● WHAT THE TASK REQUIRES:
Since the listing below shows pictures, leave them out and write out exactly the lines from the line with "Bright dining area" to the line with "Andrew and Arif", both included, and no others.

● DATA TO USE:
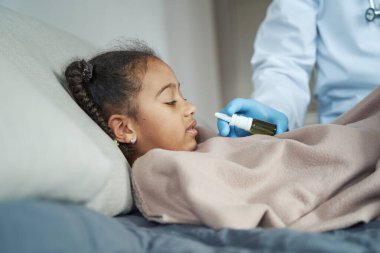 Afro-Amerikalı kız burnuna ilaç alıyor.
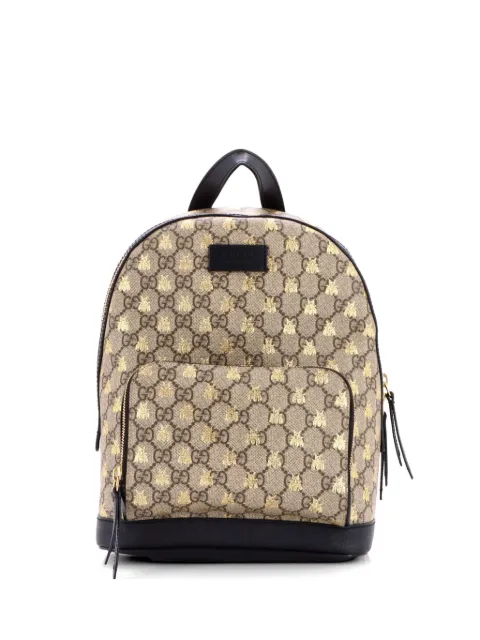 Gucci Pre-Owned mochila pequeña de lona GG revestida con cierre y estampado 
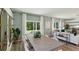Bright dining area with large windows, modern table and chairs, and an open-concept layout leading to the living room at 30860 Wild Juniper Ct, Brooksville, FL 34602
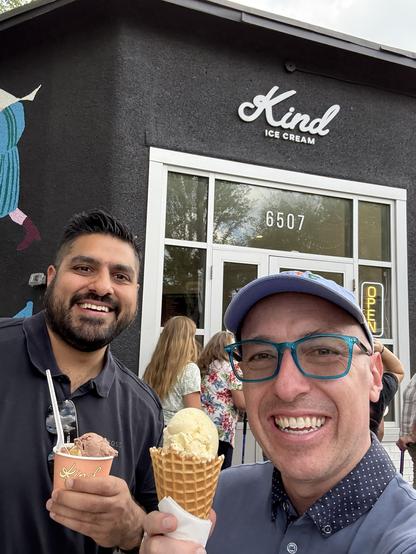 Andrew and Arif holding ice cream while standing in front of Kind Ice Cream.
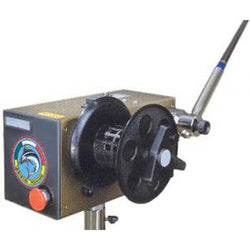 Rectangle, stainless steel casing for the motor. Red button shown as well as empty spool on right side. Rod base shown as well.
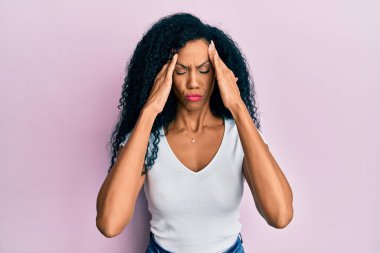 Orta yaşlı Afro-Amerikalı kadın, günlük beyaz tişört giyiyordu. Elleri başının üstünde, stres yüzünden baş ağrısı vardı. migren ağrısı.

--

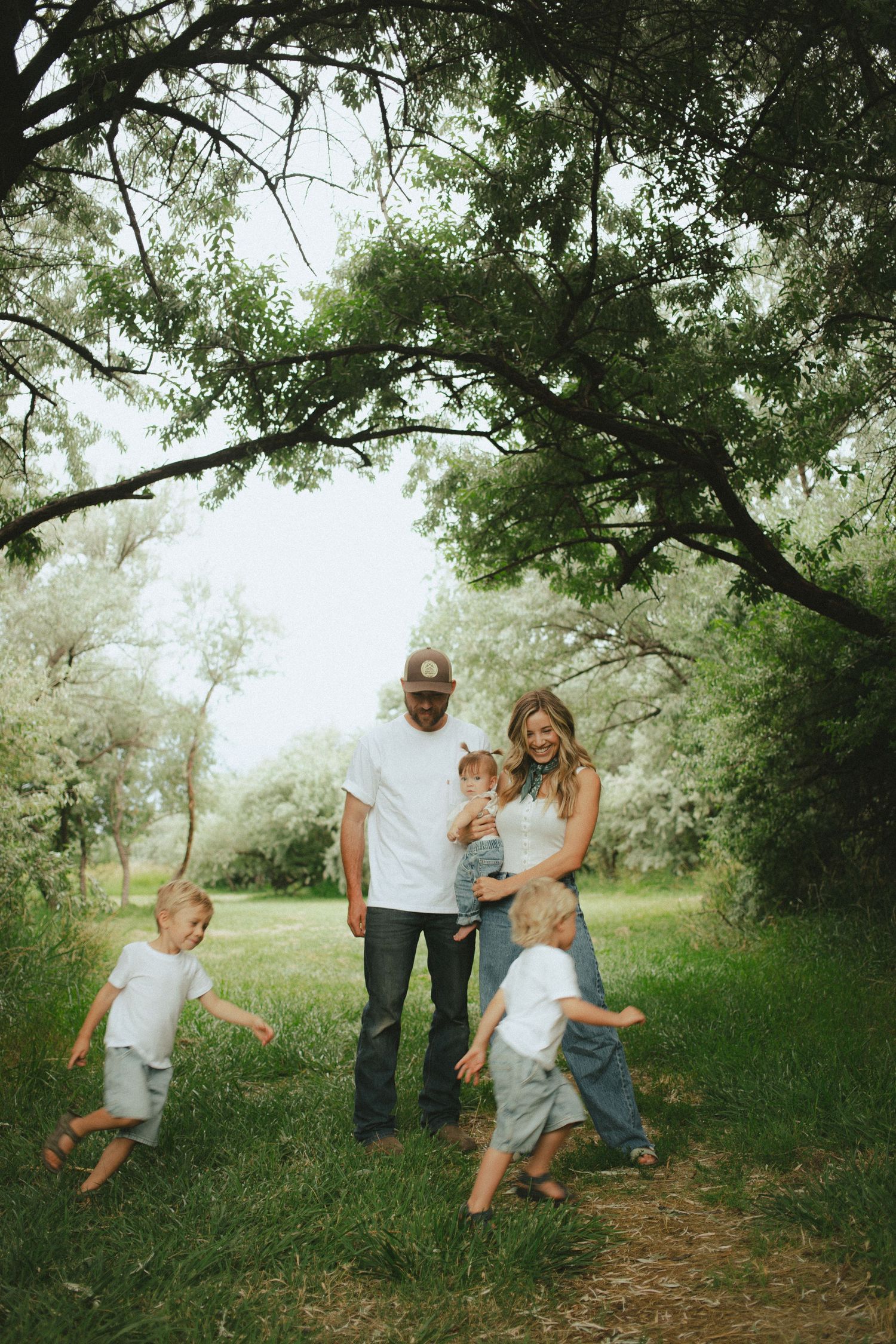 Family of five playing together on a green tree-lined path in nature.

● ANSWER BOX:
Bright dining area with large windows, modern table and chairs, and an open-concept layout leading to the living room at 30860 Wild Juniper Ct, Brooksville, FL 34602
 Andrew and Arif holding ice cream while standing in front of Kind Ice Cream.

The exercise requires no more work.